TheColumnists.com

 GERALD NACHMAN

 

 A FEW FORGOTTEN AMERICAN IDOLS

 

 FRED ALLEN
gives nemesis Jack Benny
a playful kiss in a scene
from "Love Thy Neighbor,"
a 1940 comedy inspired
by their mythical "feud."
Allen, one of radio's
most original comic voices,
is virtually unknown to
modern audiences.

Time is leaving behind
these once-famous names

By GERALD NACHMAN
of TheColumnists.com

As we sink deeper each day into the nation’s increasingly junk pop culture, where American idols are anointed weekly and timed to self-destruct a week later, we’re neglecting the true American idols of the not-so-distant theatrical past. Today, of course, the “past” is 2005 and 20 years ago was a now swiftly melting Ice Age.

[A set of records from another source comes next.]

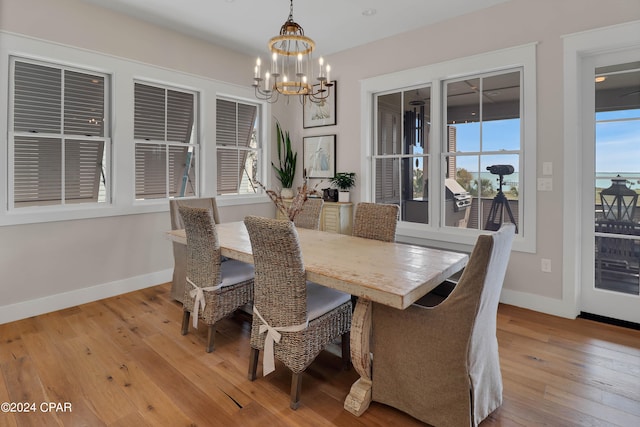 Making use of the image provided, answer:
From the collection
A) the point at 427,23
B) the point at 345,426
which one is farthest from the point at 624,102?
the point at 345,426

To kick things off, I thought I’d mention a few criminally neglected legends, true American idols that have been relegated to near oblivion. My charter candidates for desperately needed restored glory are: Eleanor Powell, Maurice Chevalier, Molly Picon, Robert Benchley, Jimmy Durante, Ida Lupino and Fred Allen. But that’s just a sampler.

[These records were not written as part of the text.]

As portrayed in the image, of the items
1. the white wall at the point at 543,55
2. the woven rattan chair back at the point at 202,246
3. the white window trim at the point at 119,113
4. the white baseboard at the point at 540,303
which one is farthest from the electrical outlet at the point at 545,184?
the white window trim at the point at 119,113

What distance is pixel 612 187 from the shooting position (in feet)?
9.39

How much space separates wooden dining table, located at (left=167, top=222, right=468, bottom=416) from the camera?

For anyone my age (late 60s), most of those names may have dimmed a little but they’re not forgotten, yet mention any of them to somebody under 40 and you’re likely to be met by a blank stare--unless that somebody has a show business connection. To the average American, formerly giant figures like Powell, Chevalier, Picon, Benchley, Durante, Allen and Lupino are not just dead, they never lived. Each has been consigned to the celebrity ash heap, living on, not in deserved posterity but in showbiz oblivion.

If pop idols and megastars can be manufactured out of nothing, it figures that the true legendary figures of yesteryear are doomed to an equal fate, despite their vast and demonstrable talent and a lifetime of not just mere fame but measurable artistic greatness. Today’s American pop life is cheap.

To you and me, of course, it’s crazy and depressing to think that Durante and Chevalier no longer flicker in vivid memory, but the sorry fact is that, generally, they don’t--even though Durante had a blip of renewed recognition on the sound track of “Sleepless in Seattle.” Durante then slid back into benign neglect. Chevalier resides in the mass memory, if at all, as that old guy in “Gigi.”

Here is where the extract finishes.